Colorless Tsukuru Tazaki and His Years of Pilgrimage by Haruki Murakami

9/10

Murakami is unequivocally one of Japan's greatest writers. Our blessing is we get to read and enjoy more books from his pen.

Reading this latest, after IQ84, I found it a collaborative set of vignettes rather than a heavyweight excursion into fusing a neon Tokyo with a fantastical element driven by the mind of a quasi-religious cult. In some respects, though Murakami's authorship is far more heavyweight, IQ84 was similar in construct to that great fantasy author, Charles De Lint. Both writers choose to bridge the twilight between the modern world of reality and the mythological one, where faerie lurks in the shadows.
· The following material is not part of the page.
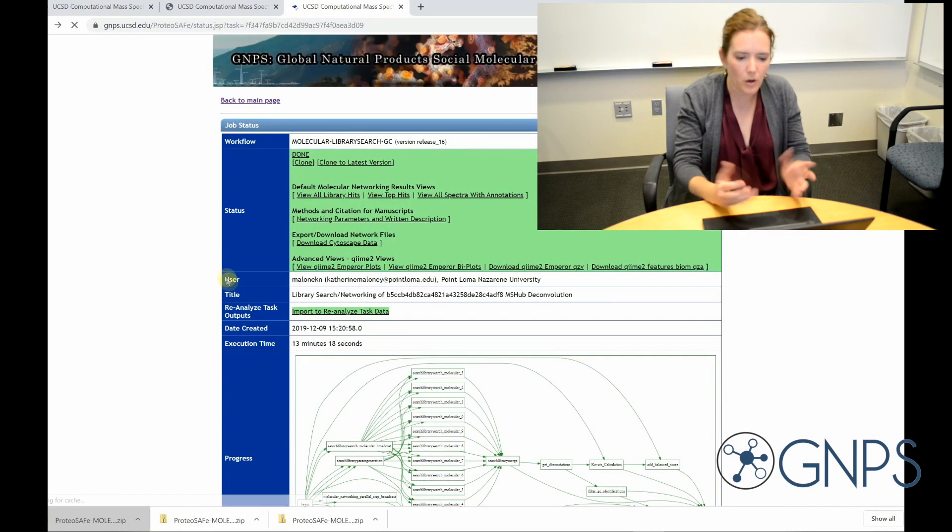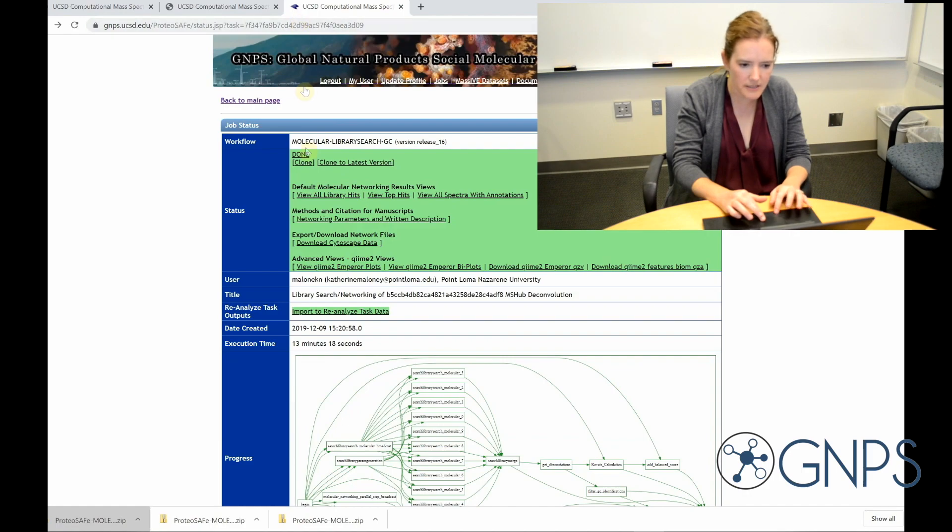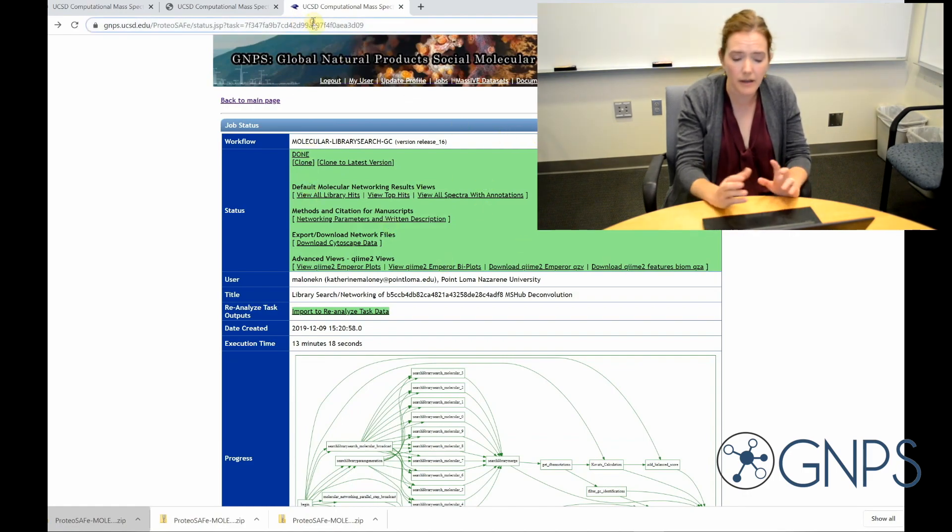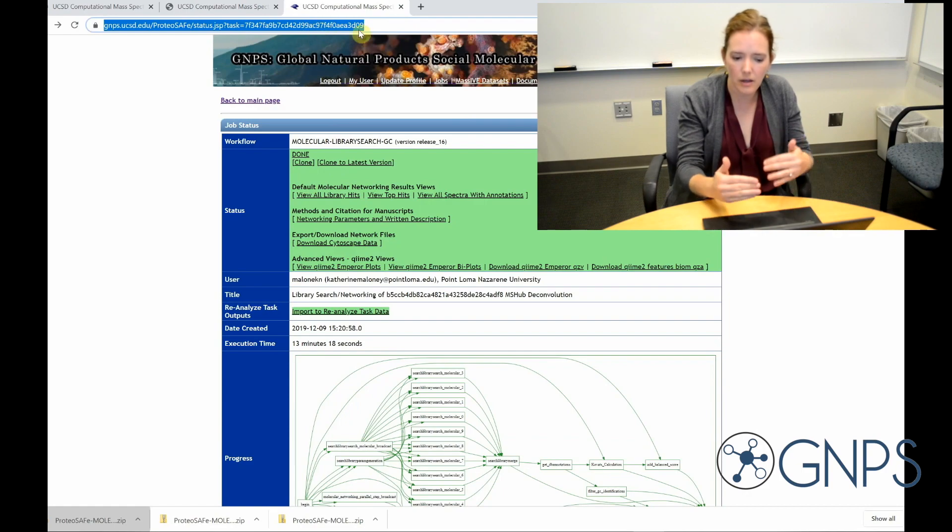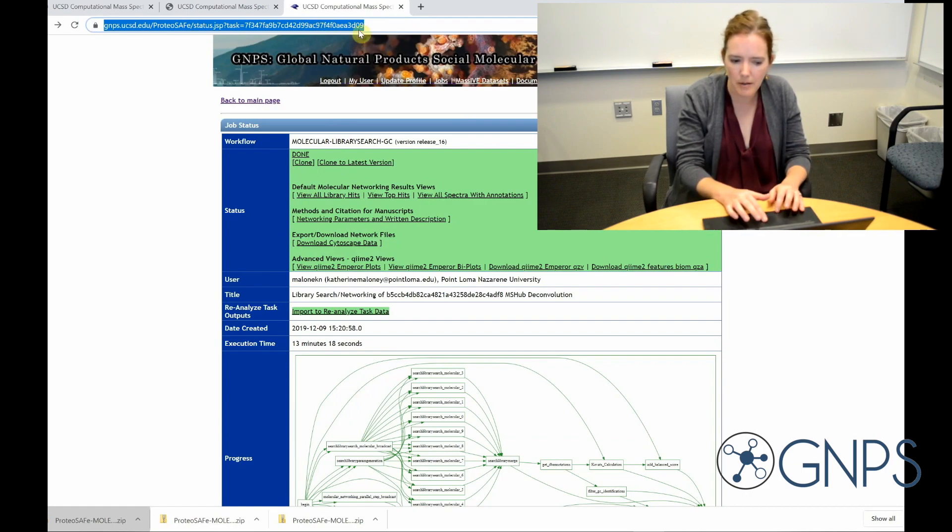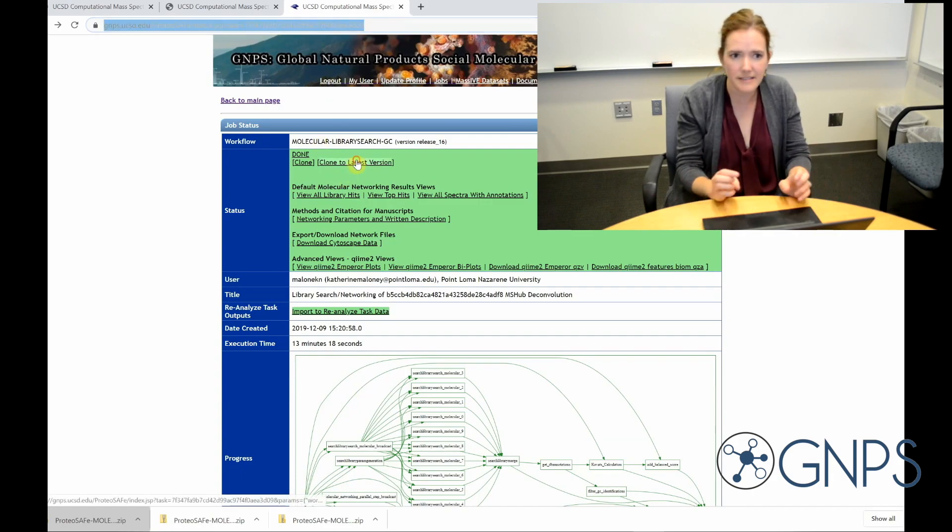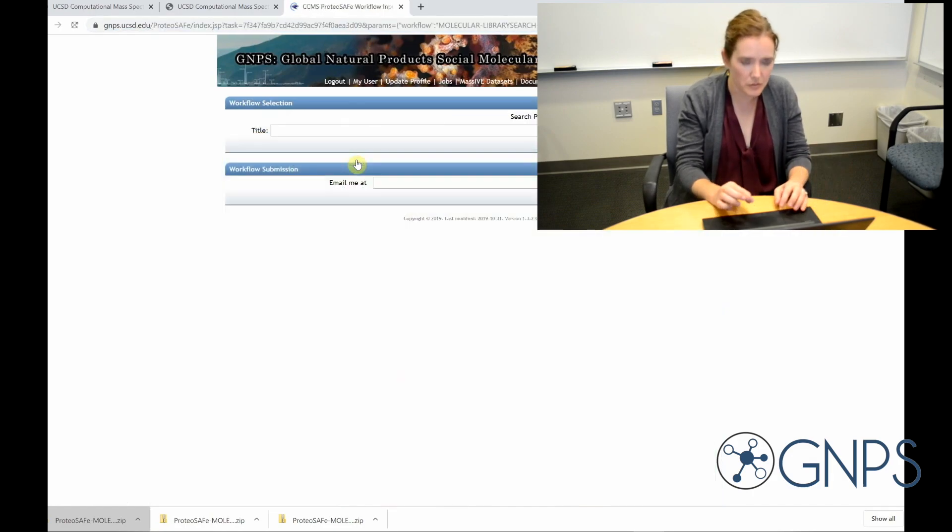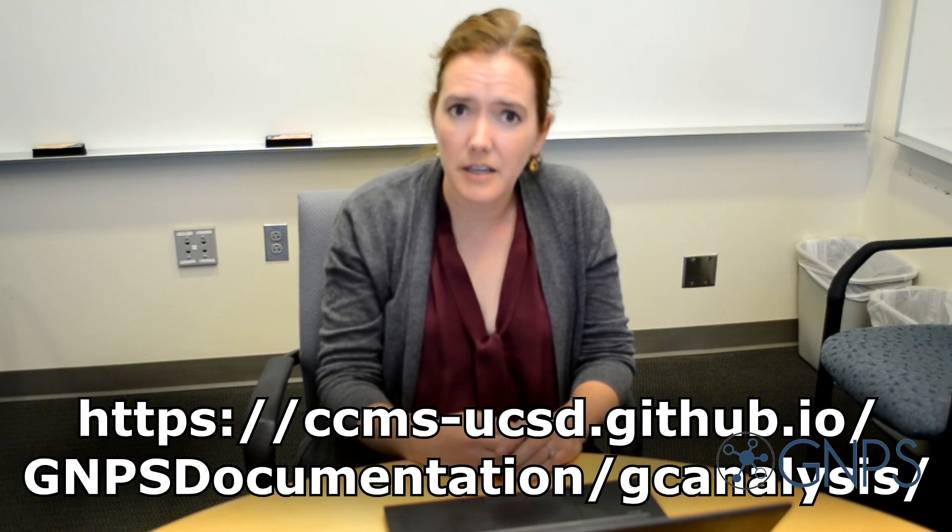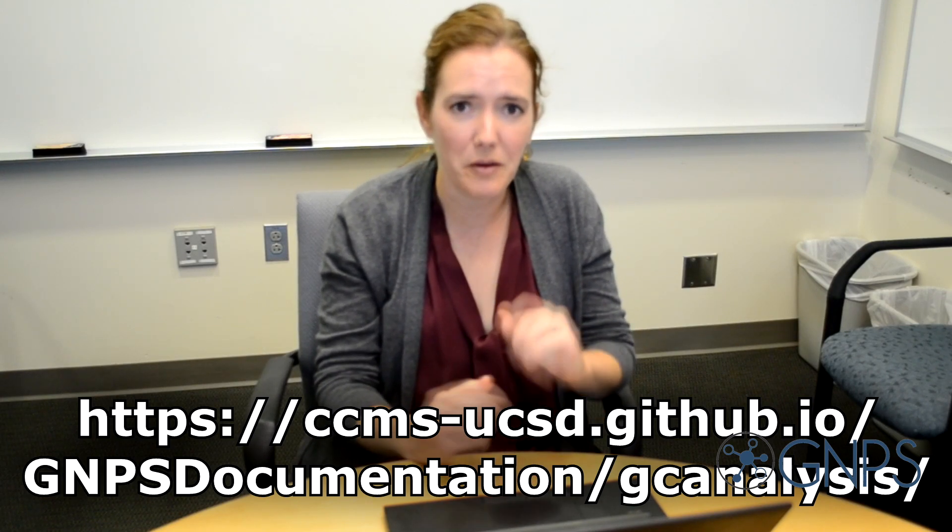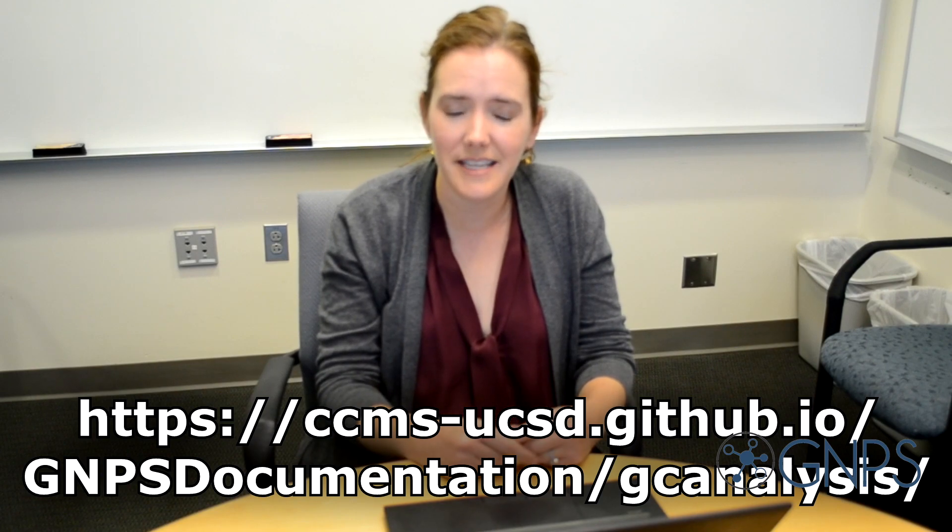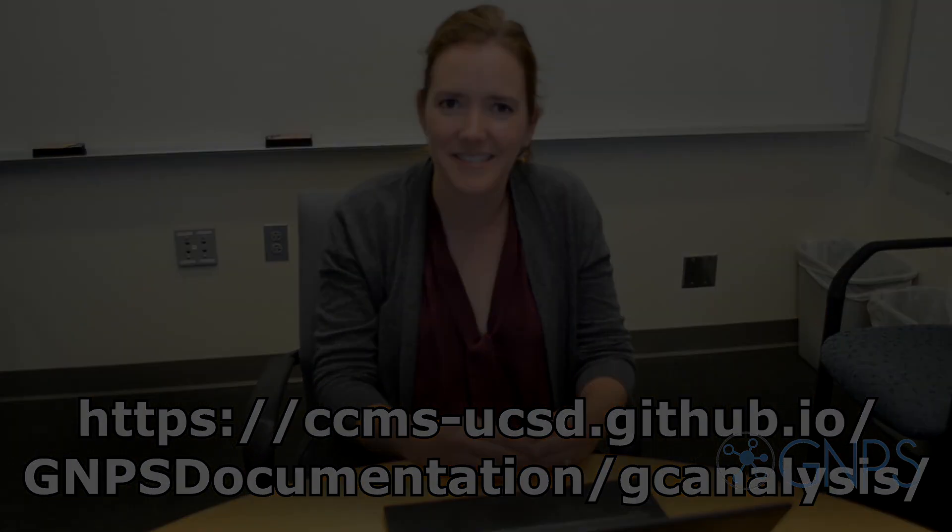And lastly, if I want to work with a collaborator or potentially modify this analysis, this link here, I can share with anyone. They can look at my job and then they can also clone the job, changing some parameters around and then rerun it, which is really great. So if you want to learn more, I strongly encourage you to follow along through the detailed tutorial at the link shown on your screen. And I hope you have lots of fun with GCMS on GNPS.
In this latest novel, color is the theme, misunderstanding borne of well-intentioned aspirations the vehicle for the narrative that is Tsukuru.

Our serious, overly analytic - clearly introverted - railway station engineer has emerged from the nihilistic state brought on by his social exclusion from his childhood "Famous Five" (an inadvertent nod to Enid Blyton) to seek answers to why his four friends - Kei Akamatsu, Yoshio Oumi, Yuzuki Shirane, and Eri Kurono - shunned him completely and absolutely for the past twenty years. His developing relationship with Sara leads this understanding lover to advise him that he must come to terms with this event, triggering a series of meetings with them that leads to conclusion, understanding, rehabilitation, and continuity. He is a protagonist who seeks to change from merely being "middling, pallid, lacking in color."
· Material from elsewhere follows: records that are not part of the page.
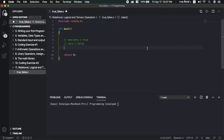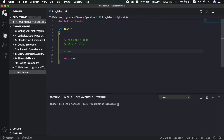Now I am going to do relational operators. A relational operator takes two operands and compares them. The result is either true or false, represented as non-zero or zero in integer terms. The operators are: equals to (==), not equals to (!=), less than (<), greater than (>), less than or equals to (<=), and greater than or equals to (>=).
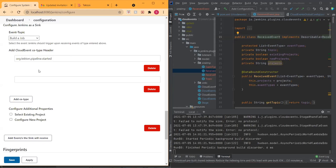That makes sense in general — filtering the type of the event to trigger an action. You will then need to figure out how to extract which job to trigger. Yes, that's the second part.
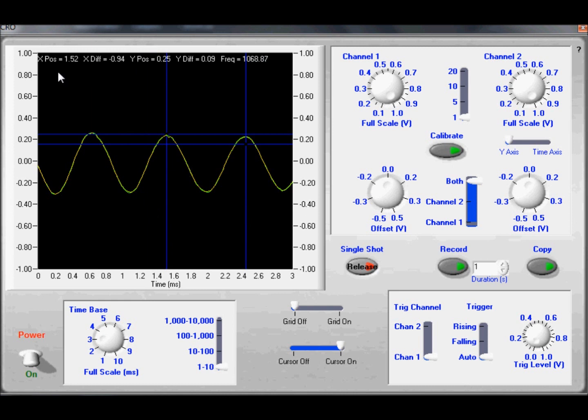I now can find my X difference which is my period, that's 94 milliseconds, and my frequency which is 1068 hertz.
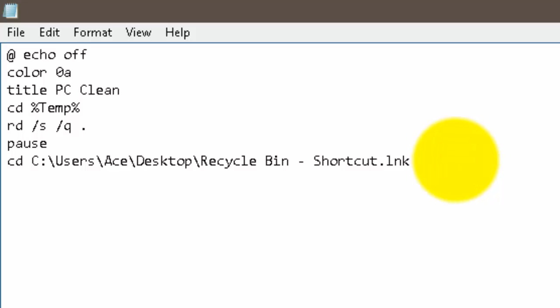Pretty simple. Next line, it's again, it's rd space /s space /q period. And then we're going to break the line of code again.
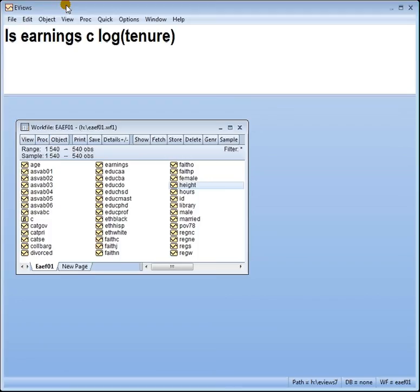Hi there everyone, Phil from StatisticsMentor.com. Now continuing on with the series on functional form, we're looking at the lin log model.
Tsukuru travels from the showrooms of Lexus to the pottery rooms of Finland as he tracks down his four former friends and seeks understanding - but curiously, not forgiveness either given or received. As he reflects "they are still stuck to me. Probably more tightly than Sara can ever imagine." The five of them were "a perfect combination... like five fingers". As ever, with Murakami, there is a series of segues (or anecdotal vignettes) inside the novel.  These surface in the form of Tsukuru's relationship with Fumiaki Haida. Formed in a swimming pool it moves through the notes of Liszt's suite "Years of Pilgrimage", the music proving the link to both Shirane and to the necessary fantasy that Haida tells of his father when both he and Tsukuru discuss death. Inside this philosophical fantasy there is a brush with the concept of being a "Soul-Eater" wrapped in the macabre setting of that most potential of settings - a hotel. In the end, both the story and Haida prove as ephemeral as the music of Liszt.
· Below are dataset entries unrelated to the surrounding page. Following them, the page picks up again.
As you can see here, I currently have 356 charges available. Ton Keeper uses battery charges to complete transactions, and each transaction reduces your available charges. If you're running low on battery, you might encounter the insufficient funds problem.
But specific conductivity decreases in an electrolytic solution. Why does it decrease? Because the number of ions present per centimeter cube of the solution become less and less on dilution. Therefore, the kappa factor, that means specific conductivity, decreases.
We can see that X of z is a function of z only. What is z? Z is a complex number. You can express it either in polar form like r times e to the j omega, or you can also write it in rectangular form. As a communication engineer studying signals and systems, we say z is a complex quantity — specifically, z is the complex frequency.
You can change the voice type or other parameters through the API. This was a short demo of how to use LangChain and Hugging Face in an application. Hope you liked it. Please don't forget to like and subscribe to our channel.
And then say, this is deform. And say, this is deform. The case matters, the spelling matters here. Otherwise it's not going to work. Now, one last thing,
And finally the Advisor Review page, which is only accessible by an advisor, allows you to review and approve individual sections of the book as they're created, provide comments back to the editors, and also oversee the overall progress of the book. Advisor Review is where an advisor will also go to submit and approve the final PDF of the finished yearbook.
As we track Tsukuri around Japan and Finland, our burgeoning understanding leads to a realization that there is a clear temptation in this novel to delve deeply into the morality of accusing a person falsely of rape, but Murakami wisely sidesteps this minefield. It remains a disturbing, unanswered shadow over the colours of the novel. Murakami ends on a moment, rather than a satisfying conclusion, as is his literary wont, and, as a reader, we are left scrambling to find messages and satisfaction in the hypnotic words scattered before us. Two stand out: "You can hide memories, suppress them, but you can't erase the history that produced them... If nothing else, you need to remember that. You can't erase history, or change it. It would be like destroying yourself." and, "One heart is not connected to another through harmony alone. They are, instead, linked to pain, fragility to fragility. There is no silence without a cry of grief, no forgiveness without bloodshed, no acceptance with a passage through acute loss. That is what lies at the true root of harmony."

Yet... there are more... and time skips serenely past as you immerse yourself in the faultless words of a master storyteller.